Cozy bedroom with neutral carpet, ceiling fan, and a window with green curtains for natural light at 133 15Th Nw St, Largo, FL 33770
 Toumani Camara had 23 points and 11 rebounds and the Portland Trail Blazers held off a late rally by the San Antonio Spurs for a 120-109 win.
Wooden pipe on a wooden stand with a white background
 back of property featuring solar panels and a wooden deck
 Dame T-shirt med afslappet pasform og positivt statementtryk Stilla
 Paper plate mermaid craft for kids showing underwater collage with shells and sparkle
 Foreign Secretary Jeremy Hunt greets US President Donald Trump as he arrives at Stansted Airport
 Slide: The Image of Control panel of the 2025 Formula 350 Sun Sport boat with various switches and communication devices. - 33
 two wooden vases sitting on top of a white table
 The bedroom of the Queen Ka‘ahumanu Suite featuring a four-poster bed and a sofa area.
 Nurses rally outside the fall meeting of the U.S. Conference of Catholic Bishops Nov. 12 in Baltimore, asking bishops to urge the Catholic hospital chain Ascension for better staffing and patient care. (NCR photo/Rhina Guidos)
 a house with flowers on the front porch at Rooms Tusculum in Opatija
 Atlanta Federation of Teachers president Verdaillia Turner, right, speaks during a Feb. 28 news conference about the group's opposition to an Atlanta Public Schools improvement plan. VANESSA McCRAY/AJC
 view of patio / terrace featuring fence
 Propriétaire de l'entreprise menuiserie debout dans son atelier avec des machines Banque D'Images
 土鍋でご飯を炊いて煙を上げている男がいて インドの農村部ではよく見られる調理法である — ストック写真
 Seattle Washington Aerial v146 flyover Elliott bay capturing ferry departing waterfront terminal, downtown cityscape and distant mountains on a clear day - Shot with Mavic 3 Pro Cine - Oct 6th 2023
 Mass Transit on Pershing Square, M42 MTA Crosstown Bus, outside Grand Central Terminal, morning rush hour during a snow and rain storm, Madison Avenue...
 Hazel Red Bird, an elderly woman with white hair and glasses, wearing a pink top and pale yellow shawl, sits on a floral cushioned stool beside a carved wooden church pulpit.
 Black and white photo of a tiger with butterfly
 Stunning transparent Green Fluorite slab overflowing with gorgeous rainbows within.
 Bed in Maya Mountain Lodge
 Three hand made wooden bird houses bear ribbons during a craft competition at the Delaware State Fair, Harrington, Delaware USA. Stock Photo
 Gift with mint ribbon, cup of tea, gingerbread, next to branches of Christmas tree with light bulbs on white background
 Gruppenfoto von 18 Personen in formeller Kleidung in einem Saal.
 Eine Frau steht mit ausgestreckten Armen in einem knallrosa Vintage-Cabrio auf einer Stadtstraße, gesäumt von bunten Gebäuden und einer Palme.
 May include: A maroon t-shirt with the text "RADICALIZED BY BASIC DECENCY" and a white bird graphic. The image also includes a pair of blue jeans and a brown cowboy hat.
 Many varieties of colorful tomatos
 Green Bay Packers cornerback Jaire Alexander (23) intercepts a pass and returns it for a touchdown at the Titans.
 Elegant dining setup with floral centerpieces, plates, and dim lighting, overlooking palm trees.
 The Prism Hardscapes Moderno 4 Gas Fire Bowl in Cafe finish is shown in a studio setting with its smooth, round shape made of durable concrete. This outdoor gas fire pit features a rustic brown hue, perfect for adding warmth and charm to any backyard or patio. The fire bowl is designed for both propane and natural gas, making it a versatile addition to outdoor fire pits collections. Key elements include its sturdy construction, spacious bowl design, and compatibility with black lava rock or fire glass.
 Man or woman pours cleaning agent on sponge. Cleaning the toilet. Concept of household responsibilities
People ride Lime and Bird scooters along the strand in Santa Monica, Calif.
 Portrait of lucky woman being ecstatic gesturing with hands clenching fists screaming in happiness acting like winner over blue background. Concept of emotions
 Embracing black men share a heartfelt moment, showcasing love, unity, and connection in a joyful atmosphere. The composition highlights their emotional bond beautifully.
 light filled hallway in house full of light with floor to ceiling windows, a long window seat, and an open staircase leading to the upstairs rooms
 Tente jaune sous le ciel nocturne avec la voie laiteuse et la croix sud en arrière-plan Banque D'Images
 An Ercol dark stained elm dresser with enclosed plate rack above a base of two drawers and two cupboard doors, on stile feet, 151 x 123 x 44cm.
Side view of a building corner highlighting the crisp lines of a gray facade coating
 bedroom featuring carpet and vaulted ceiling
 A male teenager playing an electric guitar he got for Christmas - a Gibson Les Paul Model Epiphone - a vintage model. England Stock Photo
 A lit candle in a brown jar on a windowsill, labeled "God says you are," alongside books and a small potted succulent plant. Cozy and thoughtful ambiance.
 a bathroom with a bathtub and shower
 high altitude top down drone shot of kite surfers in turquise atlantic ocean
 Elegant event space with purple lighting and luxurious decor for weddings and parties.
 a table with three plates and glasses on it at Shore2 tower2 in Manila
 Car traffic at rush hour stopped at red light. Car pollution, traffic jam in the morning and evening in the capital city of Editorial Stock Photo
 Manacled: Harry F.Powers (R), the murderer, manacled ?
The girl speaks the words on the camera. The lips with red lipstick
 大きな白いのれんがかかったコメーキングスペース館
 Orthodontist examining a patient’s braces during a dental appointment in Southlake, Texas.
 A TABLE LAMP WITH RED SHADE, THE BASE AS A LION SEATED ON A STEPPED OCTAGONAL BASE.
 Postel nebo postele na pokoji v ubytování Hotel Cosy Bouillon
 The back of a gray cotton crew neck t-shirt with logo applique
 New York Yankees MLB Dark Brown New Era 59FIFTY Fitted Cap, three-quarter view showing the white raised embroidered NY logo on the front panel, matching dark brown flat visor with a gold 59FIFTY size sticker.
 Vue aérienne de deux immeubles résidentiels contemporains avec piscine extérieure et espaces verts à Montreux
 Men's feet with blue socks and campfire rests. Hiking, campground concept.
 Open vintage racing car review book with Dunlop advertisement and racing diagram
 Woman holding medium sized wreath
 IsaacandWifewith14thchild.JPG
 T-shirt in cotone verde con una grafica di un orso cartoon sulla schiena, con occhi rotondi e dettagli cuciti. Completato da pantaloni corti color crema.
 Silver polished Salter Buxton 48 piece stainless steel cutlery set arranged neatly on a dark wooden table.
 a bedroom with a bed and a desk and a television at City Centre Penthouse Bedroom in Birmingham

§ **EXERCISE**:
Pull out all lines of the data with the string "patio".

§ **RESPONSE TO THIS EXERCISE**:
 view of patio / terrace featuring fence
 The Prism Hardscapes Moderno 4 Gas Fire Bowl in Cafe finish is shown in a studio setting with its smooth, round shape made of durable concrete. This outdoor gas fire pit features a rustic brown hue, perfect for adding warmth and charm to any backyard or patio. The fire bowl is designed for both propane and natural gas, making it a versatile addition to outdoor fire pits collections. Key elements include its sturdy construction, spacious bowl design, and compatibility with black lava rock or fire glass.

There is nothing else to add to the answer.